Neuras – A beautiful location in the mountainous region of the Namib, it boasts the second highest vineyard in the world, thanks to underground aquifers – an excellent tour, with wine tasting should not be missed. A predator research reserve, particularly investigating leopard/human impact interaction, its monitors were young, enthusiastic, knowledgeable, interesting and passionate about all that they were trying to achieve. Accommodation was tented, but clean and comfortable and all meals would be supplied and cooked by the very friendly and helpful staff to a high standard. Here, (as at Kanaan, further south), work would be more demanding physically/practically than at Phinda in South Africa. Expect to get your hands dirty, e.g. some reasonably demanding hiking to retrieve camera traps, etc. along with road/fence repairing and animal enclosure cleaning. However, if this 65 year-old with arthritic knees requiring replacement could cope, then any younger, fit able-bodied individual should be able to hack it! Cheetah feeding by hand was a highlight. Again, expect the unexpected, as happened to us when we dropped everything to visit a farmer who had lost 50 goats to cheetah in a month and proceeded to build a thorn bush buma with cheetah trap to catch the miscreant(s) for translocation! It’s not all hard work and there was also the chance to balloon over the Namib and to swim in beautiful mountain pools.. After a demanding, but very satisfying week it was time to move on to Kanaan – a further 4hr drive south.

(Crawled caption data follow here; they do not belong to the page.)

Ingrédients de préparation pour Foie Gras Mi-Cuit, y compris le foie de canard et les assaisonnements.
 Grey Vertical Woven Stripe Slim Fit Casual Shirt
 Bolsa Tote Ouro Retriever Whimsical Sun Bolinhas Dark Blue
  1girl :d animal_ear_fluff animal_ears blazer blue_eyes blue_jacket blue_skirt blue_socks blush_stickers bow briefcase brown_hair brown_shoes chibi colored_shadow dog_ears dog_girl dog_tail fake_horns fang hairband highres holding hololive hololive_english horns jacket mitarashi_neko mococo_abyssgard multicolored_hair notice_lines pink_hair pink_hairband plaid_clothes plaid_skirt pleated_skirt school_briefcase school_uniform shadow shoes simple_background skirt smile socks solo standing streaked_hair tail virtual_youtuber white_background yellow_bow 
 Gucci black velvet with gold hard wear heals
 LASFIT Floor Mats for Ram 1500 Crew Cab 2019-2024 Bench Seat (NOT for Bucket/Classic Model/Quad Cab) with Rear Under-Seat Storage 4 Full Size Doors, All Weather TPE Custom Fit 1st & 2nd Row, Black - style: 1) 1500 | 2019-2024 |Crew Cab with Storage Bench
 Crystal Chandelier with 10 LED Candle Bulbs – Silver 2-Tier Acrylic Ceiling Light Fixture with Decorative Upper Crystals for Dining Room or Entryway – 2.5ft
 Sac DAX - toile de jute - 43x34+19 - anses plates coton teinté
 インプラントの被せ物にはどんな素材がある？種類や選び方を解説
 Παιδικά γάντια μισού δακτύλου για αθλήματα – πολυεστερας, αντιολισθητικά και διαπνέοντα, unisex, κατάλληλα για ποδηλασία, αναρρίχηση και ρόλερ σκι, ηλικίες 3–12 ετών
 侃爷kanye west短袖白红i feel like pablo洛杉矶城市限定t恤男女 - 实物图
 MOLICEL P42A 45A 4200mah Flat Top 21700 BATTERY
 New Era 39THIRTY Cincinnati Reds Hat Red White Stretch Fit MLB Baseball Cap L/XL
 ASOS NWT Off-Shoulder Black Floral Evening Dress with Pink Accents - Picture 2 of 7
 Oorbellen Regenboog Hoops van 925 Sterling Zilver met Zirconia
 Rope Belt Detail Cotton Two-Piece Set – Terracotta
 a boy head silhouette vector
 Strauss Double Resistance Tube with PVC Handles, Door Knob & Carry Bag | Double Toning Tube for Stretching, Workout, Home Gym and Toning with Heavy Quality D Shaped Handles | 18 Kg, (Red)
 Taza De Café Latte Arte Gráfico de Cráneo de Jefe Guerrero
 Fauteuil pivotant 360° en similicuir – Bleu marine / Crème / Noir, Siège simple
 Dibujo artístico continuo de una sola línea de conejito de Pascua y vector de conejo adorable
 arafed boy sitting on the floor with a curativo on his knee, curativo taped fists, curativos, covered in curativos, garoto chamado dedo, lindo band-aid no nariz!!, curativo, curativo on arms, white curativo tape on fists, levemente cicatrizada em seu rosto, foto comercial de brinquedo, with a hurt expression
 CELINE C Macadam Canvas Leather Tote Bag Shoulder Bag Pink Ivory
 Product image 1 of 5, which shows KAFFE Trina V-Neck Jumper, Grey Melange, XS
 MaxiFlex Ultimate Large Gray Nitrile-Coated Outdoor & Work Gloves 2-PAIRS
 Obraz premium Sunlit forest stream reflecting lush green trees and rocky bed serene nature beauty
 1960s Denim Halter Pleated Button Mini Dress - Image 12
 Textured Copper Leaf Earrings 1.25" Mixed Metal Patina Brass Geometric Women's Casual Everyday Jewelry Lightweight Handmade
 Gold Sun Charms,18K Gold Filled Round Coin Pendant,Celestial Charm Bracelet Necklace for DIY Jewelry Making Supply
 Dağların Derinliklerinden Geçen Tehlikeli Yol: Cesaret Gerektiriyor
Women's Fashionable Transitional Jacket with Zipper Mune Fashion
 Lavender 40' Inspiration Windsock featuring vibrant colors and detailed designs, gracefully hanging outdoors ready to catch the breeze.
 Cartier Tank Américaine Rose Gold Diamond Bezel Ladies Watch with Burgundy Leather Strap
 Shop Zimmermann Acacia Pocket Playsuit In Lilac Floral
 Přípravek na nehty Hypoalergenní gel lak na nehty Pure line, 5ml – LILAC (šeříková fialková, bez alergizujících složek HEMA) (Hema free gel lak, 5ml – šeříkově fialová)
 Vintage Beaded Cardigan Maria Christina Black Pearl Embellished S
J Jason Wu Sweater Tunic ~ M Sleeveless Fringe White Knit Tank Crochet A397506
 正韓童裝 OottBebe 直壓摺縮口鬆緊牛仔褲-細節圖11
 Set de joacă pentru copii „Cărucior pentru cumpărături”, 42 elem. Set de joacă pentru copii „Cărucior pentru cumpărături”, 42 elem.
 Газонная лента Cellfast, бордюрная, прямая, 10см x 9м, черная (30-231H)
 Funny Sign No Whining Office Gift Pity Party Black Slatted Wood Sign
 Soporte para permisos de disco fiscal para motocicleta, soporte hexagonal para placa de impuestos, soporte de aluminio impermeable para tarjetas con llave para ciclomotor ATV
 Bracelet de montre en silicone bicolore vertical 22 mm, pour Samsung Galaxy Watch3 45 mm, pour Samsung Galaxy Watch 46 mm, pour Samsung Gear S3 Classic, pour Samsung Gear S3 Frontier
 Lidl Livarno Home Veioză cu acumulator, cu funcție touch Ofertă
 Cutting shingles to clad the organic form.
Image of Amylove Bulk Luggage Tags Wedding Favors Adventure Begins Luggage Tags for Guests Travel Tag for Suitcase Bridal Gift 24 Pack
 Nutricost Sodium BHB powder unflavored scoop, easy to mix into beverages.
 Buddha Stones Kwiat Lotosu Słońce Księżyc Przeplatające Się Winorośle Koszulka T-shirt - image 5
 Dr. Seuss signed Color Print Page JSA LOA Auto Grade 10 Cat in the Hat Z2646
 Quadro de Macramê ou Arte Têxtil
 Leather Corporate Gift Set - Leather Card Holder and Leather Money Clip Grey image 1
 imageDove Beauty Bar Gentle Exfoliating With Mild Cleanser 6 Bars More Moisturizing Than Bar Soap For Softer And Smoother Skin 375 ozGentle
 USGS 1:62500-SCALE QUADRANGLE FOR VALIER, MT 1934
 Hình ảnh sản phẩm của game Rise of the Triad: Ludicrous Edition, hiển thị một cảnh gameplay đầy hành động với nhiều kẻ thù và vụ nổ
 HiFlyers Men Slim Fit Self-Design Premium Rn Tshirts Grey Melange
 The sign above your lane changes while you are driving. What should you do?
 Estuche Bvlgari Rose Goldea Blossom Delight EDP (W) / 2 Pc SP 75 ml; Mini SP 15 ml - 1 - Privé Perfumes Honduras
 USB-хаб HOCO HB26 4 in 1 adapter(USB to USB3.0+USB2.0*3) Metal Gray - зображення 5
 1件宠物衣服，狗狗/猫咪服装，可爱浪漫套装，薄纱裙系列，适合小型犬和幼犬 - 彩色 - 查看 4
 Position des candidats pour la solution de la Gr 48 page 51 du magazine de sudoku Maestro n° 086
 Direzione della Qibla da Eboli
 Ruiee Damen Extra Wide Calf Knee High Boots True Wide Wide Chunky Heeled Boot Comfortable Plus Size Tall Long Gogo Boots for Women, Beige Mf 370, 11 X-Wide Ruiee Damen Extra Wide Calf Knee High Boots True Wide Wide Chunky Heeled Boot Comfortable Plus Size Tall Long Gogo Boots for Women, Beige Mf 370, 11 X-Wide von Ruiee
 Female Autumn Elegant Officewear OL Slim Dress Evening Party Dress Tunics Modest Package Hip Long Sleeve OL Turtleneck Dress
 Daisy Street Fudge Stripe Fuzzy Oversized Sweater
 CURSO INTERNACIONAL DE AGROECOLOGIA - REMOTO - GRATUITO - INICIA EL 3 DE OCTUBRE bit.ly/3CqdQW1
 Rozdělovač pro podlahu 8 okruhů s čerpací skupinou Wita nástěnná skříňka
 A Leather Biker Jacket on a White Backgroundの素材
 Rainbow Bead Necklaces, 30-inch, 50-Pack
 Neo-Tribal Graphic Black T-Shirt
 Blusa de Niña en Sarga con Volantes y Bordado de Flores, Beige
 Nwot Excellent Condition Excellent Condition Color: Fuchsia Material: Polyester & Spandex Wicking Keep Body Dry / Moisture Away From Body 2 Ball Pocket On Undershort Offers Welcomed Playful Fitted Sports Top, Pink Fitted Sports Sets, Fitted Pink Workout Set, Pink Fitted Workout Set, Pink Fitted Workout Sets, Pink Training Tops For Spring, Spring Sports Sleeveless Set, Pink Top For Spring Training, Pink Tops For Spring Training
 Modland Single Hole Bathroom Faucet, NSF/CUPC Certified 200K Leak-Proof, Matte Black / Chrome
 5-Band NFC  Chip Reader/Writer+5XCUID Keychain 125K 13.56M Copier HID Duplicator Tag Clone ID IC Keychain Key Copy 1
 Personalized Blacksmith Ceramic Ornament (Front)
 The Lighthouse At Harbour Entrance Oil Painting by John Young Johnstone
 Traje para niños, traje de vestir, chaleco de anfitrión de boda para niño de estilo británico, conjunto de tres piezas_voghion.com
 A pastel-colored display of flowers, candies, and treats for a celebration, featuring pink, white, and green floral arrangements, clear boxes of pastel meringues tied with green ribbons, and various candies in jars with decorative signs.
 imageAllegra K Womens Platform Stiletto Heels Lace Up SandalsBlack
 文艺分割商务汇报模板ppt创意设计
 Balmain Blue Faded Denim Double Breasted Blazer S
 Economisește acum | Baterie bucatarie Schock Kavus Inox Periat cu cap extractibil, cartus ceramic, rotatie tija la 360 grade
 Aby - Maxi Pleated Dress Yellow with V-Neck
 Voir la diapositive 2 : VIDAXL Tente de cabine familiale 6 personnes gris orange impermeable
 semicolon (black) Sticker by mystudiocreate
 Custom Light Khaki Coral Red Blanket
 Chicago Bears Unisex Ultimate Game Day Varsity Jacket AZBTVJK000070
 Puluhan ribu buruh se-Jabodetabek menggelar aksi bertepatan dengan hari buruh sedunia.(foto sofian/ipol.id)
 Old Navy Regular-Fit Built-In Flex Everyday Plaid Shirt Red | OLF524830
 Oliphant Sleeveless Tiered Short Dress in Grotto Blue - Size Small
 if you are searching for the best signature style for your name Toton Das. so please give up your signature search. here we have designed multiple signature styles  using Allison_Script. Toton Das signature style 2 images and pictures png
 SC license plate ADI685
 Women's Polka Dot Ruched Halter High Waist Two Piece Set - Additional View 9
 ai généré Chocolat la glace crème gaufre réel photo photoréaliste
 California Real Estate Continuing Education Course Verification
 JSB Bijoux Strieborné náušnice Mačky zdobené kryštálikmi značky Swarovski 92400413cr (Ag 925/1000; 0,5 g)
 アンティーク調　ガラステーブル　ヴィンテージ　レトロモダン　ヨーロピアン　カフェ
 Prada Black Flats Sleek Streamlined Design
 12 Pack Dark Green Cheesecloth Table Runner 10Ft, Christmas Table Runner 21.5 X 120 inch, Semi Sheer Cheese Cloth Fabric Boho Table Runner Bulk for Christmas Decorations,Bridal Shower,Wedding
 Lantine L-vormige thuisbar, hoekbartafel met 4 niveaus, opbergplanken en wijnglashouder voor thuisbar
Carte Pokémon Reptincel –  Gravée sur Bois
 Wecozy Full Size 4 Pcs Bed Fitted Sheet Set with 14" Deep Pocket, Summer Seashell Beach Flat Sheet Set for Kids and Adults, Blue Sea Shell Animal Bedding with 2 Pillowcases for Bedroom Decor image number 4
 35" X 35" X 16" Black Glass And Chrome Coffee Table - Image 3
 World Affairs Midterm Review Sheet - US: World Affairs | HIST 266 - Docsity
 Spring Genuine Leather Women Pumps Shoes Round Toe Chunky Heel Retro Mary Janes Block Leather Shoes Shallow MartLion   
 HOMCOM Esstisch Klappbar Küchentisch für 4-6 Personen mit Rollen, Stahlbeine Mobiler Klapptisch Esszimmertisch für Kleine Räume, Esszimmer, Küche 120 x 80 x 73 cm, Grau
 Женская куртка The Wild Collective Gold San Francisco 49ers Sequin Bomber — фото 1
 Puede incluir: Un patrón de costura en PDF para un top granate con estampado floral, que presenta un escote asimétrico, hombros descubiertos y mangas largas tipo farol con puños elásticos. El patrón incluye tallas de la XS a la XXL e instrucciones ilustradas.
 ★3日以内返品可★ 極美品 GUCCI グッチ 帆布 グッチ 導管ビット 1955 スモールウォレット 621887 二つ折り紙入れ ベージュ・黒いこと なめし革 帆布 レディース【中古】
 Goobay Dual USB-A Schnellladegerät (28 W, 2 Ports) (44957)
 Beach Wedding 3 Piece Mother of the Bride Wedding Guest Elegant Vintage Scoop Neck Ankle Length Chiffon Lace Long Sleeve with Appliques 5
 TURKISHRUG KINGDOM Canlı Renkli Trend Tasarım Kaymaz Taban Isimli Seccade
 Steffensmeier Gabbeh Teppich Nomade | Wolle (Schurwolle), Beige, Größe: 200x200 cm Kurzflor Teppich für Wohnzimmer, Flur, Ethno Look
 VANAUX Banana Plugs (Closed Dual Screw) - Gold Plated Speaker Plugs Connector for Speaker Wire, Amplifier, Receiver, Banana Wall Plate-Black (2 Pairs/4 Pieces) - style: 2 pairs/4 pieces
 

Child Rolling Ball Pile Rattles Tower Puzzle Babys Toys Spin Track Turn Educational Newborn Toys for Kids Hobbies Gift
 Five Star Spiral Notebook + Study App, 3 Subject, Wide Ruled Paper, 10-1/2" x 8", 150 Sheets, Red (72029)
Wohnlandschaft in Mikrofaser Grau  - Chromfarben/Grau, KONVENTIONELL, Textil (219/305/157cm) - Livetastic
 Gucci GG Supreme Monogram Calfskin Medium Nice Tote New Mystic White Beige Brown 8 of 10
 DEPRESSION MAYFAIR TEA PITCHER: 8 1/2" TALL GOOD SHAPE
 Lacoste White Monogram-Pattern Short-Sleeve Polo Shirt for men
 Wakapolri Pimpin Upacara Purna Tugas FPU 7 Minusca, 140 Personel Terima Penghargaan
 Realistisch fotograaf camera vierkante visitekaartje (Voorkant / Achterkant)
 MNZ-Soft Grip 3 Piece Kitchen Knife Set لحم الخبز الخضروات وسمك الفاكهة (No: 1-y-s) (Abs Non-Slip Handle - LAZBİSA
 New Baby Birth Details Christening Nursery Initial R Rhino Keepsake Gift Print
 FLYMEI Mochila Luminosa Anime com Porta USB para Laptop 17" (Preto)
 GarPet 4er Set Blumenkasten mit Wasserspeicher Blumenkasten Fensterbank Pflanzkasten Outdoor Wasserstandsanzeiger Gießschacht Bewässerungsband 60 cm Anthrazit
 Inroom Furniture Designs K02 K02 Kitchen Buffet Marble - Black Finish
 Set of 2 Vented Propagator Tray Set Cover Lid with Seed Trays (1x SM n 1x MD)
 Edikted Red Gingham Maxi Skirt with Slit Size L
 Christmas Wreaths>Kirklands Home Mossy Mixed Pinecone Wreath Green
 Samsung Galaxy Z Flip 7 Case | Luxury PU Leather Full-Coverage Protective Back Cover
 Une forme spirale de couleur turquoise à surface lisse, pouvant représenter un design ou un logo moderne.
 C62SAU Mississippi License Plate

Kanaan – Another beautiful desert location, where the plains between the mountains/sand dunes were larger, sandier and with fewer rocks/boulders. We were particularly lucky, as due to the first significant rains for some 6 years, the plains were transformed from a red sandy/stony desert to a green/golden flush of grass on which the light/wind played their magic.The vistas were awesome. Another predator research station, here the emphasis is on hyena. Again the monitoring staff were young, friendly, knowledgeable and enthusiastic and everyone else was friendly and helpful, and excellent, hearty meals were provided. Accommodation was room-based in the farmhouse, with private shower attached. Work was mainly about game counting, camera trap retrieval, camera trap photo identification, fence removal/building and looking after feeding/cleaning/re-housing of the farm’s animals. Once again though it wasn’t all hard work and there was the chance for game-counting on horseback, sand-boarding and sundowner/sunrise picnics, etc.
Without doubt this had been one of the best/positive and most rewarding 6-7 weeks of my life and I would recommend such an experience to anyone wanting to contribute to animal conservation.